Set down each line of the data exactly, but not the pictures.

[[ Data section open ]]

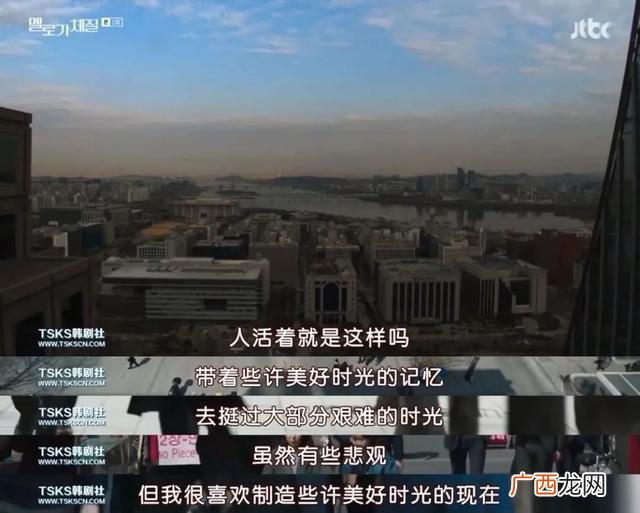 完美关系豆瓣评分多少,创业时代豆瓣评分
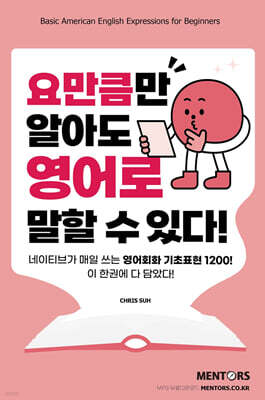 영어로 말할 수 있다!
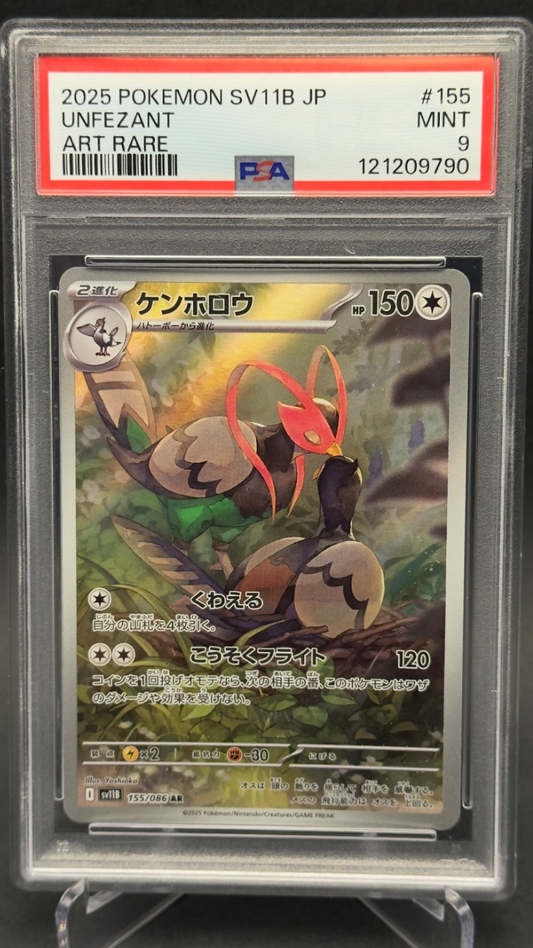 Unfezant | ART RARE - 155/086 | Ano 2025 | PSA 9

[[ Data section closed ]]

Solution to this exercise
 完美关系豆瓣评分多少,创业时代豆瓣评分
 영어로 말할 수 있다!
 Unfezant | ART RARE - 155/086 | Ano 2025 | PSA 9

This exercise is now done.